Anyway, each early morning he pads stealthily from his bed to find me. These days I am often on the couch because I stay awake until his evening feed is finished due to frequent DOSE DONE errors on his pump (and fears that he will strangle himself on the tubing) so that by the time I have him flushed and unhooked it is near 1am. At that hour of the morning, I hesitate to go to sleep in my bed mainly because Mark has already been asleep for hours and if I wake him at all coming into bed he will be unable to fall back asleep.
So I find myself stretched out on the couch for a few hours until Corrigan decides that he has had enough sleep. That is normally around 2:30-3 am. Right smack in the middle of my REM sleep Corrigan slides down the hallway and, I assume, stands over me in the dark. I imagine him mentally willing me to wake for several minutes, breathing his hot breath just inches from my face.
If I should open my eyes it kind of looks like this…
While I sleep Corrigan makes one of two decisions. Most of the time he goes over to his play table and finds one or two of his foam letters, or one of his Lightning McQueen stacking rubber tires (not life-size, thank goodness, ’cause that would be hard for a toddler) and gently places them on my chest.
Sometimes this wakes me, but most times it does not and then Corrigan is forced to resort to his second tactic.

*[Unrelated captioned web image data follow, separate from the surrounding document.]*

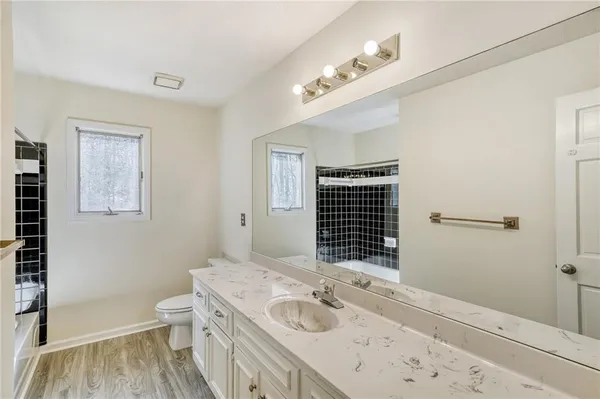 a bathroom with a granite countertop sink a toilet and a shower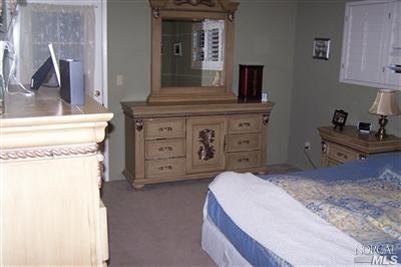 4813 Burlington Street Santa Rosa, CA 95405 - Photo 6 of 12 a bedroom with a bed and a dresser
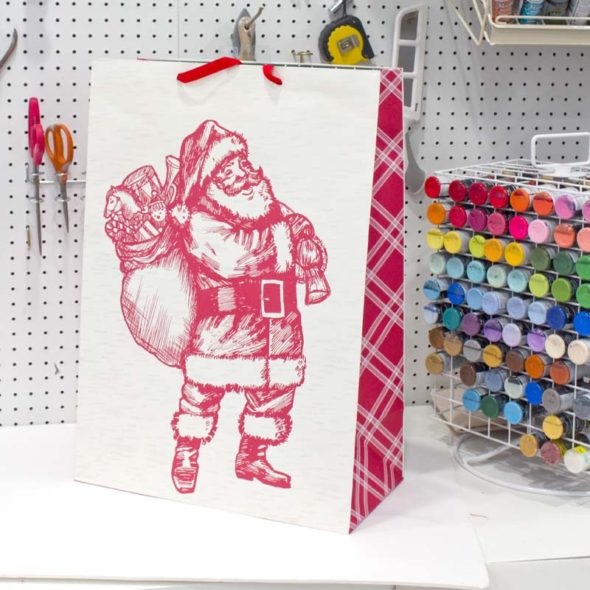 Upcycle Christmas gift bags into art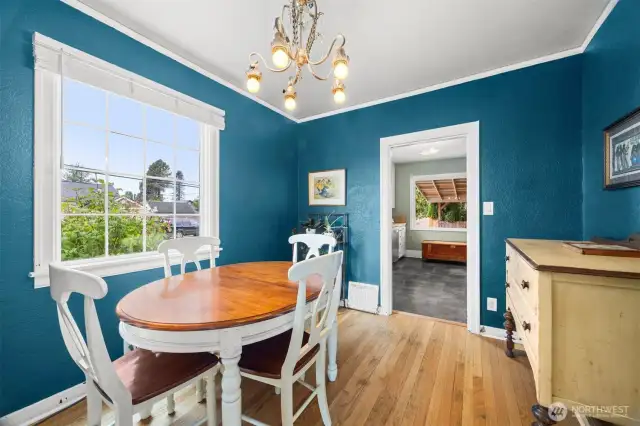 Dining room looking into the kitchen. This bright area has a beautiful accent color and wonderful rich wood floor.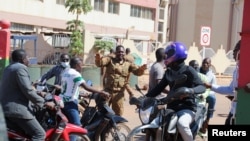 ARCHIVES - Un soldat demande à la population de se disperser devant le camp militaire Guillaume Ouedraogo après la détention du président du Burkina Faso, Roch Kabore, dans un camp militaire à Ouagadougou, Burkina Faso, le 24 janvier 2022.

INSTIGATING A HEART ATTACK.
Mainly he will whack me sharply on my forehead with the palm of his hand, at which I startle wake, heart pounding in my chest…not noticing the pain because when you are half-asleep you can be shot in the face and not feel it right away…and as I sit up in a daze a few toys toppled from my chest to my lap.
However last night he tried something new. After placing a few toys on my body and realizing that I was not going to wake…and probably a bit amused at my open-mouth snoring…he crooked his pointer finger, inserted it into my mouth and then fish-hooked me off of the couch. For real. He pulled me with such force that my body nearly fell from the couch to the floor.
What. The. HECK?!?!?!?!?!?!
I prevented a full face plant onto the floor by instinctively throwing out my left arm and caught myself just in time and as I sat up groggily there was my little ninja goblin, with his Messy Marvin hair, standing there in the glow of the desk lamp and smiling at me like I was the funniest thing in the world. Before I could say anything at all about the unkind wake-up maneuver he said, “Bubble?” and signed the word “please.”
At least it does not require much energy to blow bubbles at 3am.